The ECB has found shortcomings of more than €10 billion in banks' loan books.
In its annual supervision report, the central bank said its on-site inspections of eurozone banks' books had uncovered shortcomings in how some banks define and/or identify default or nonperforming exposures as well as weaknesses in the way they monitor high-risk borrowers.
It discovered "financial impacts" in excess of €10 billion and said there is a need for banks to set aside more provisions.
The review also found miscalculations in some banks' provisions, identified inadequacies in their credit-granting processes as well as deficiencies in their internal governance and risk management controls, among other areas.
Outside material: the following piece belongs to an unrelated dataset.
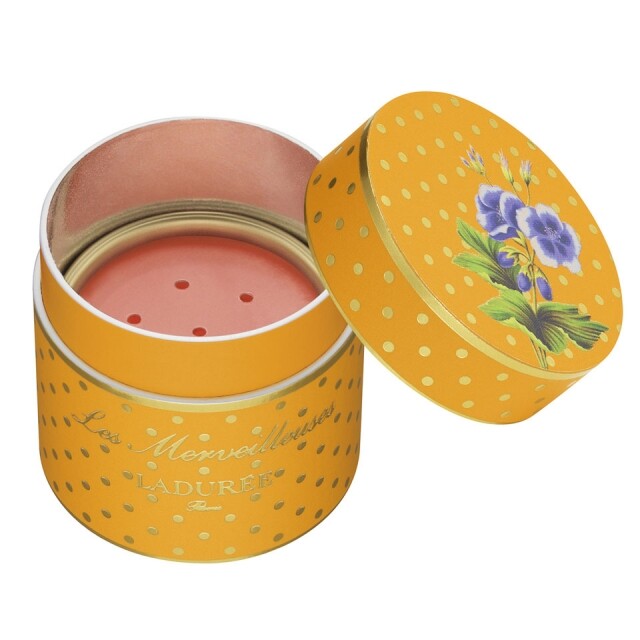 Les Merveilleuses Ladurée Cheek Color Powder 法式胭脂蜜粉 (#03 Lin) $295 Les Merveilleuses Ladurée Cheek Color Powder 法式胭脂蜜粉 (#03 Lin) $295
The review is part of the ECB's efforts to tackle European banks' roughly €800 billion stock of nonperforming loans, much of which accumulated during the global financial crisis.
"[B]anks are making progress: Since early 2015, NPLs have fallen by about €200 billion. This is encouraging, but it's not enough," ECB Supervisory Board Chair Danièle Nouy said, while noting that banks should also deal with potential new bad loans.
Earlier in March, the ECB outlined a series of measures that would require banks to set aside more capital to cover the risk of new loans that turn sour and encourage them to reduce their existing books of NPLs.
Nouy also repeated calls for banks to accelerate efforts to clean up their balance sheets in order to become more profitable. "[T]he good times won't last forever, so banks should make the most of them while they can. When a downturn comes, it will become much more difficult to reduce NPLs," she said.